The traditional song “The Parting Glass,” which has been attributed to Ireland and Scotland, was typically sung with a gathering and parting of friends before “Auld Lang Syne” was written by Burns in 1788.

The parting glass was a final drink, or offering, to guests before their departure.

Of all the money that e’er I had
I spent it in good company
And all the harm I’ve ever done
Alas, it was to none but me

And all I’ve done for want of wit
To memory now I can’t recall
So fill to me the parting glass
Good night and joy be to you all

[RELATED: Why Do We Sing “Auld Lang Syne” on New Year’s?]

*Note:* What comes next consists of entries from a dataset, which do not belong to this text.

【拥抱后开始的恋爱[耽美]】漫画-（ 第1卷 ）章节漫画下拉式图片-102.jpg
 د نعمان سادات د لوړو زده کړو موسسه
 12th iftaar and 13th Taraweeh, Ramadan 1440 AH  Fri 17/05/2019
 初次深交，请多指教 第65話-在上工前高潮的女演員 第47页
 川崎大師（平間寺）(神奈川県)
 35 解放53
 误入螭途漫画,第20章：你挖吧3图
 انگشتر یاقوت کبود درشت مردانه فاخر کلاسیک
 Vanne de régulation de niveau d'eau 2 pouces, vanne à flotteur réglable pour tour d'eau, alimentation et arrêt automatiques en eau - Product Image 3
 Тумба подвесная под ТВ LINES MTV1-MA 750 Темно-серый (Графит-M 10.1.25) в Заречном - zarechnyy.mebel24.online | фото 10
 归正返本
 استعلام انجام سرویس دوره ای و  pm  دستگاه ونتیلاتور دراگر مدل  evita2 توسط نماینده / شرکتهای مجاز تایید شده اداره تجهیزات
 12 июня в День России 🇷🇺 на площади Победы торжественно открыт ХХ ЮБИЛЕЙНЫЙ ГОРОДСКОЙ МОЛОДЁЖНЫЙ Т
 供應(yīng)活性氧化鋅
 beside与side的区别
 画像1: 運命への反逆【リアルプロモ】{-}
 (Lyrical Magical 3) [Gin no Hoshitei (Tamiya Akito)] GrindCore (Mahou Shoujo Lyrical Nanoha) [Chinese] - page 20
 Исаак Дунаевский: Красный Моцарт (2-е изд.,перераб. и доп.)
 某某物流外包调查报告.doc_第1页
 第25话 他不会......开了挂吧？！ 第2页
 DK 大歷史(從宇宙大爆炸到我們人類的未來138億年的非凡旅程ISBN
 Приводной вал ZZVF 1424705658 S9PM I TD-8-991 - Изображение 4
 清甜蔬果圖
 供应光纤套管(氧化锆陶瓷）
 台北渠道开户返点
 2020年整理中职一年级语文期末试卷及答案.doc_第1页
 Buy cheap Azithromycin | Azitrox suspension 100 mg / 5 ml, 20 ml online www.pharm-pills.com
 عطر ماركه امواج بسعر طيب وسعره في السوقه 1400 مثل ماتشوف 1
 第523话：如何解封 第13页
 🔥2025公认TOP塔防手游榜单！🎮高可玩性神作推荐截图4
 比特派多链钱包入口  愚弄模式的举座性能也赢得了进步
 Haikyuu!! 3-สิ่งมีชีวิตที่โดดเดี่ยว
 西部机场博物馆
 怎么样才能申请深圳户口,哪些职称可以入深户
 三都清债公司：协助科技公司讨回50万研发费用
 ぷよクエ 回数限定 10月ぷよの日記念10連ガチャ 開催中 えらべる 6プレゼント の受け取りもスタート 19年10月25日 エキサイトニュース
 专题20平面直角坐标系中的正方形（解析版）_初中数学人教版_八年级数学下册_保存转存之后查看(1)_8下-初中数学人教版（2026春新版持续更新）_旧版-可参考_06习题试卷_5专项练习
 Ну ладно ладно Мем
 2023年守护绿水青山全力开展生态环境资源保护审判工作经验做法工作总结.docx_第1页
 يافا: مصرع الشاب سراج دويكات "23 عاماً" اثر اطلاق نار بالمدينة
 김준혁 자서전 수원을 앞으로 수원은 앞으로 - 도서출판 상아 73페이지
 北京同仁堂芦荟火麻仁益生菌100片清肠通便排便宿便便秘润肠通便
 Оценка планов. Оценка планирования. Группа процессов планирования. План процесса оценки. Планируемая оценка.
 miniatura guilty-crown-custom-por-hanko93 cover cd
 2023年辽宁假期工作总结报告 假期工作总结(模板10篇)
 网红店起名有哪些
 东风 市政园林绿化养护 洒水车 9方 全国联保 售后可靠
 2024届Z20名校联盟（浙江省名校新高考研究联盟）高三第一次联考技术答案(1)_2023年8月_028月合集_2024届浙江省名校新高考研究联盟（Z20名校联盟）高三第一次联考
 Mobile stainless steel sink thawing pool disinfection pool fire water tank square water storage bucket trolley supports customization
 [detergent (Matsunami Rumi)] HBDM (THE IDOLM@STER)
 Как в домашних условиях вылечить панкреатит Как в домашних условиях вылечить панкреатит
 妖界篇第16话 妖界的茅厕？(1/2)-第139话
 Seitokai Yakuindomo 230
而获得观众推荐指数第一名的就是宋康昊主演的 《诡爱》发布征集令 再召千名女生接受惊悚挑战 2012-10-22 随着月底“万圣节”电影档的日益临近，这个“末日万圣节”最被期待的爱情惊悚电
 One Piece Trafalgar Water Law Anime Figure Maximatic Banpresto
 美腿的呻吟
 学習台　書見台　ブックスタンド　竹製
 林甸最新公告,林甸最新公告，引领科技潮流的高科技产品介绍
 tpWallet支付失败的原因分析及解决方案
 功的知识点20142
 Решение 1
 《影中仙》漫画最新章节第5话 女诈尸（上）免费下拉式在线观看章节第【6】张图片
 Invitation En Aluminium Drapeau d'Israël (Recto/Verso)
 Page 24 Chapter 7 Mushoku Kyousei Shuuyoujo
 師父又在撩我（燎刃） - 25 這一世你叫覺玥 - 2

“The Parting Glass” was often sung as a send off to the year in Ireland and Scotland before it was superseded by Burns’ new song.

Keeping with the sentimental tone of “The Parting Glass,” Burns’ “Auld Lang Syne” was also a meditation on “times long past” and drinking to old friends and memories and bringing in the new, and is traditionally sung at midnight on New Year’s Eve.

And surely you will buy your cup
And surely I’ll buy mine!
We’ll take a cup of kindness yet
For the sake of auld lang syne

The Age of “The Parting Glass”

Though “The Parting Glass” has been attributed to Scottish poet Sir Alex Boswell, a version of the song was documented even earlier in the Skene Manuscript, a collection of 117 musical notations compiled by John Skene in the early 1600s.

Another version of “The Parting Glass” also appeared in the Scottish anthologist David Herd’s 1769 book Ancient and Modern Scottish Songs, Heroic Ballads, etc. 

[RELATED: The Pogues Reunite for Moving Performance of the Band’s “The Parting Glass” During Shane MacGowan’s Funeral]

New Years

Though “The Parting Glass” is no longer the go-to sing-a-long on New Year’s Eve, it has remained popular within Ireland.

First popularized by the 20th century with a recording by of Irish folk group The Clancy Brothers and Tommy Makem in 1959, since then, numerous artists have recorded the song, including The Spinners, The Pogues, Sinéad O’Connor, The High Kings, The Dubliners, Hozier, and Ed Sheeran, among many others.

The melody of Bob Dylan’s “Restless Farewell” from his 1964 album The Times They Are a-Changin’ is also based on “The Parting Glass.”